_Source data:_
•••••
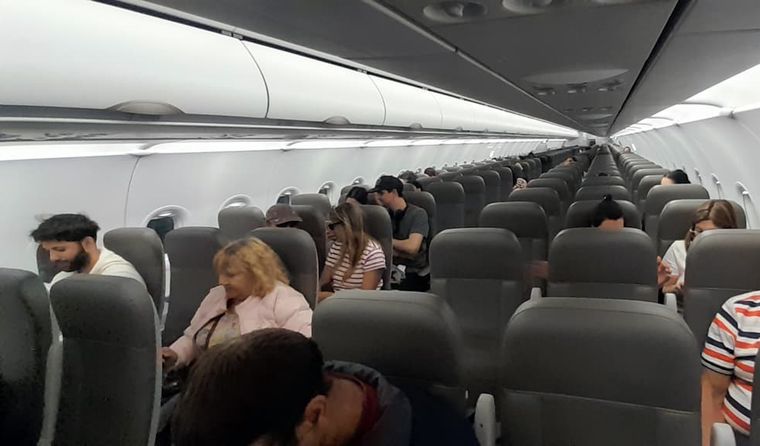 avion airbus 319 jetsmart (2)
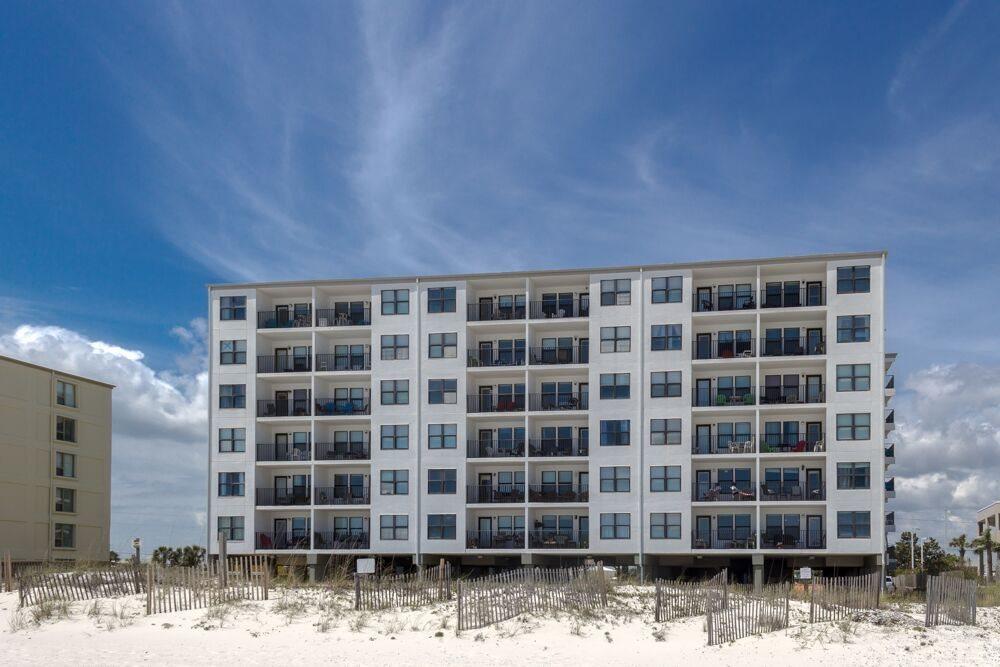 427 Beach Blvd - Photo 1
•••••
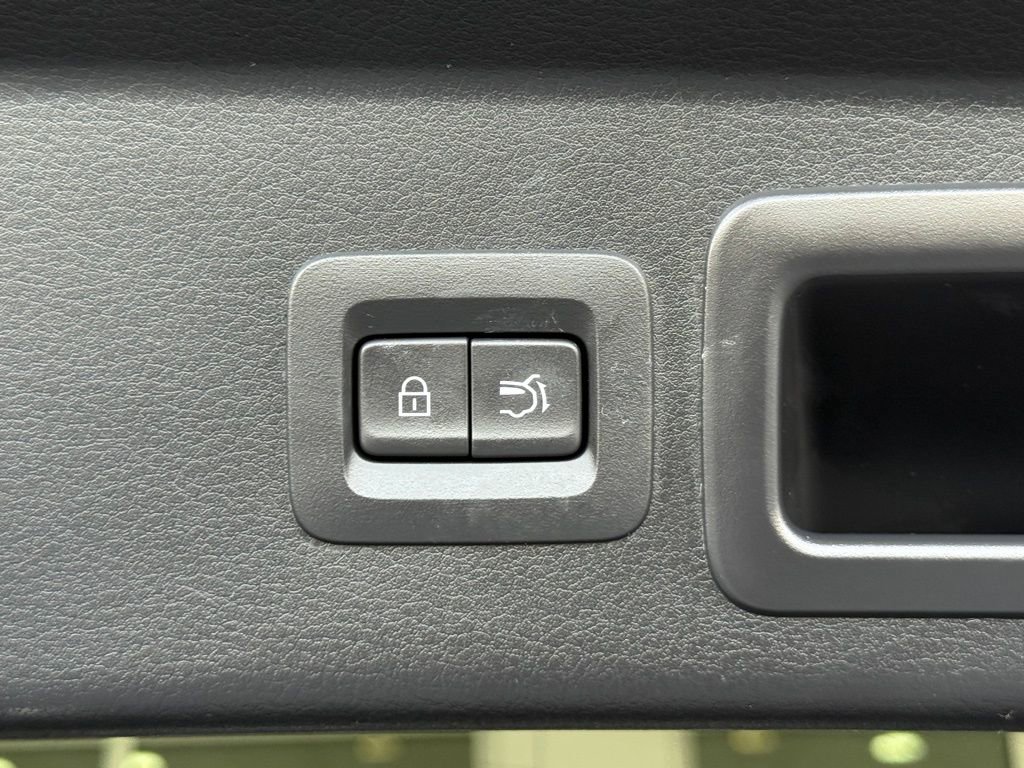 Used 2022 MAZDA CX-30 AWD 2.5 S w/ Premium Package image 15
•••••
_Task description:_
Would you transcribe the lines above exactly, going from the line bearing "avion airbus 319 jetsmart (2)" through the line bearing "427 Beach Blvd - Photo 1", and drop the pictures from the copy?

_Exercise output:_
 avion airbus 319 jetsmart (2)
 427 Beach Blvd - Photo 1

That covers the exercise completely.